The Methodist Church is not alone in this anti-Israel wave. The wealthiest US Church, the Presbyterian, will also vote the divestment proposal during its General Assembly in Pittsburgh. The Church’s Committee on Mission Responsibility Through Investment urged the General Assembly to fully embrace the boycott movement against some major companies which are based in Israel.
Last November, the Presbyterian Church hold a conference in Louisville and it embraced the “Kairos Document”, which rejects the Jewish State and says that Israeli security policies are “a sin against God”.
"Liberal" Church efforts to divest from companies doing business with Israel are part of a bigger trend which demonizes Judaism.
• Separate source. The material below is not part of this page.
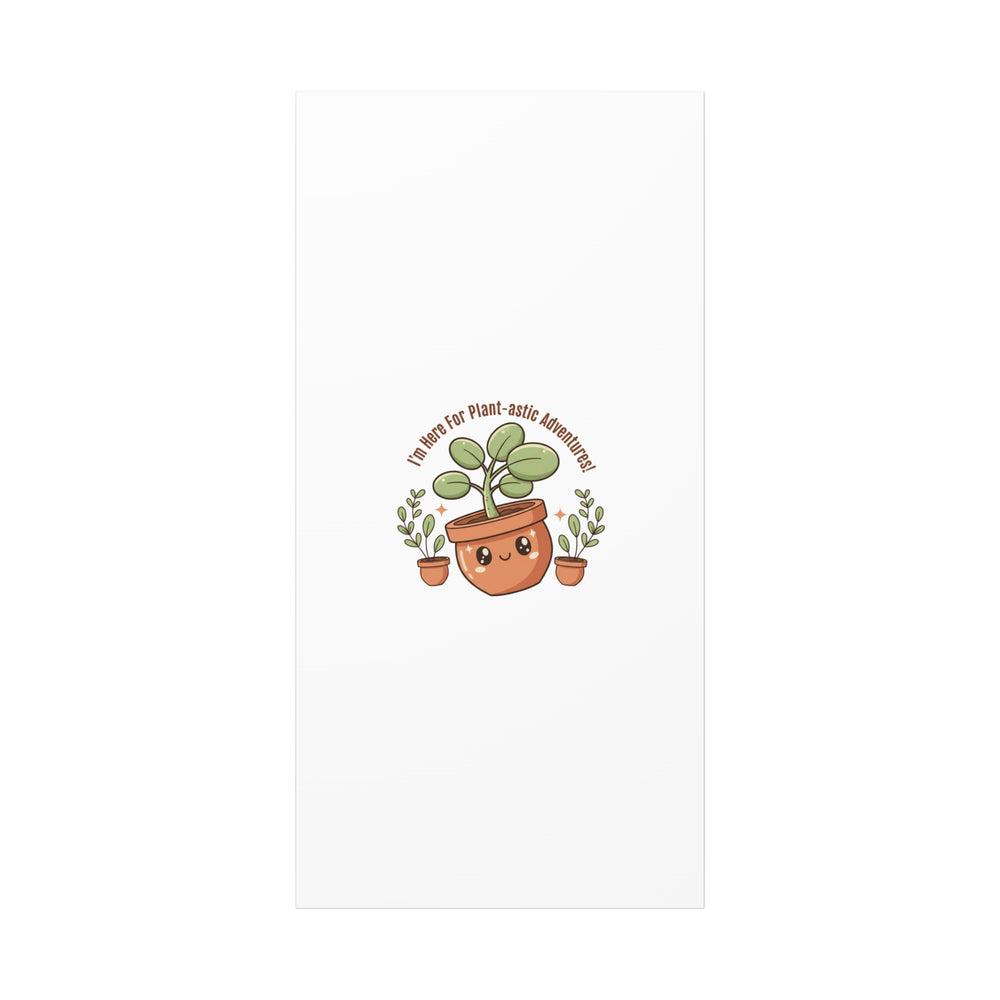 Plant-astic Pun Canvas | Stretched Matte Botanical Wall Art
At the recent Louisville symposium, Eugene March, professor emeritus of Old Testament at Presbyterian Seminary, said the Jewish right to the land is “invalid”, while Gary Burge, professor of New Testament at Wheaton College, criticized “the territorial worldview of Judaism”.
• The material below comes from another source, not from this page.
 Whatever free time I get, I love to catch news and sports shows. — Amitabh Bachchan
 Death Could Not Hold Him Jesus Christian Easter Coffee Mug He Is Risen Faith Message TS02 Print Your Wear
Anti-Jewish eschatology is nothing new in the Presbyterian denomination. When the US Church voted to divest from Israel in 2004, its flagship intellectual journal, Church and Society, ran an essay by theologian Robert Hamerton-Kelly who argues that Judaism has always been “a blood-thirsty, primitive religion”.
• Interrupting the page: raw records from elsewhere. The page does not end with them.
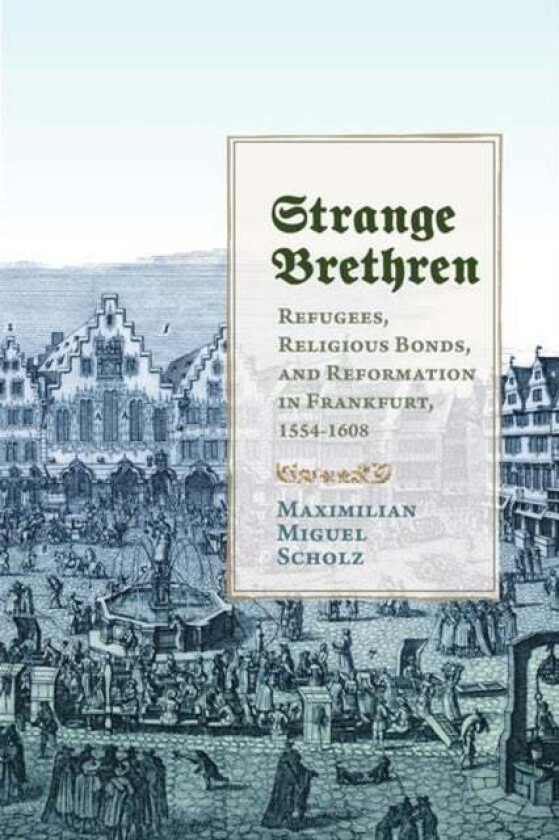 Strange Brethren av Maximilian Miguel Scholz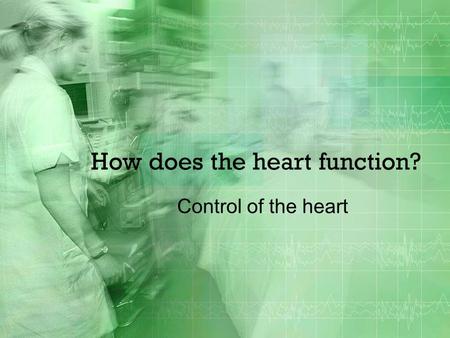 How does the heart function? Control of the heart.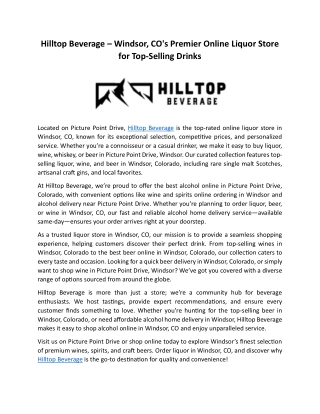 Hilltop Beverage – Windsor, CO's Premier Liquor Store for Top-Selling Drinks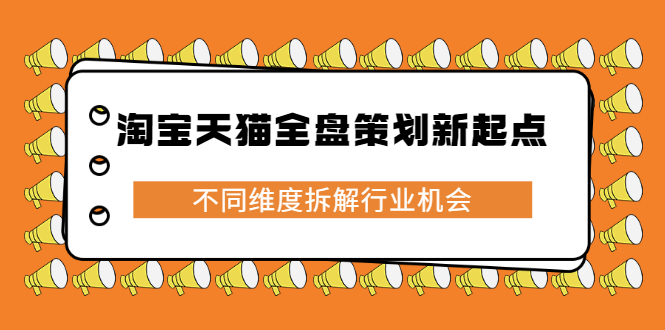 淘宝天猫全盘策划新起点，不同维度拆解行业机会网创吧-网创项目资源站-副业项目-创业项目-搞钱项目左姐网创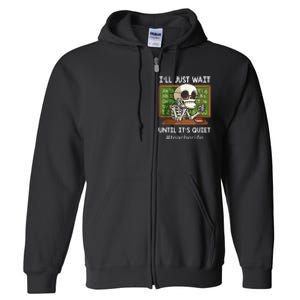 ILl Just Wait Until ItS Quiet Funny Sarcastic Teacher Full Zip Hoodie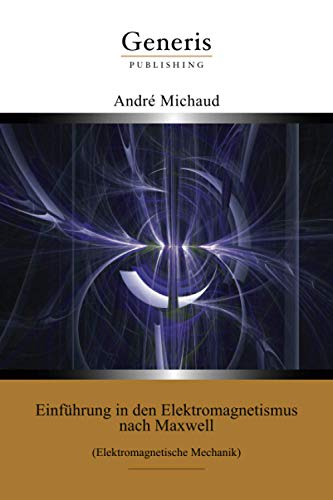 Einführung in den Elektromagnetismus nach Maxwell : (Elektromagnetische Mechanik) von Generis Publishing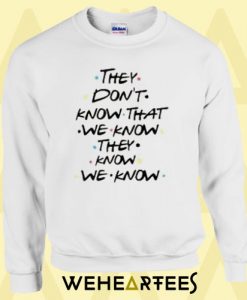 They Dont Know Friends Quote Sweatshirt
The well-known Old Testament scholar Walter Brueggemann, who is professor emeritus at Presbyterian Church affiliated Columbia Theological Seminary and one of America’s most influential left-leaning theologians, wonders if any idea of “chosen people” inevitably results in “absolutism” and the “seeds of violence”. This is a return to Martin Luther’s demonology, since the founder of Protestantism argued that the Jews were no longer the chosen people but instead “the Devil’s people”.
Stephen Sizer, British theologian and leader in these mainline Churches, released a declaration to support the UN Palestinian bid: “The New Testament insists the promises God made to Avraham are fulfilled not in the Jewish people but in Jesus and those who acknowledge him”.
Historically these two Churches have occupied the corridors of power and wealth in America. So although liberal Christianity is now declining in the United States, it still is culturally and politically important. Methodists and Presbyterians are the most aggressively anti-Israel among Protestant denominations, but all five of the mainline denominations in the US – Methodist, Presbyterian, Episcopalian, Lutheran and United Church of Christ – have debated and adopted policies intended to bring direct or indirect economic pressure on Israel.
As William van der Hoeven, an Evangelical with extensive Mideast experience put it as early as the 1970s, “The PLO has hijacked the main churches”. It’s a new form of Intifada "from Heaven".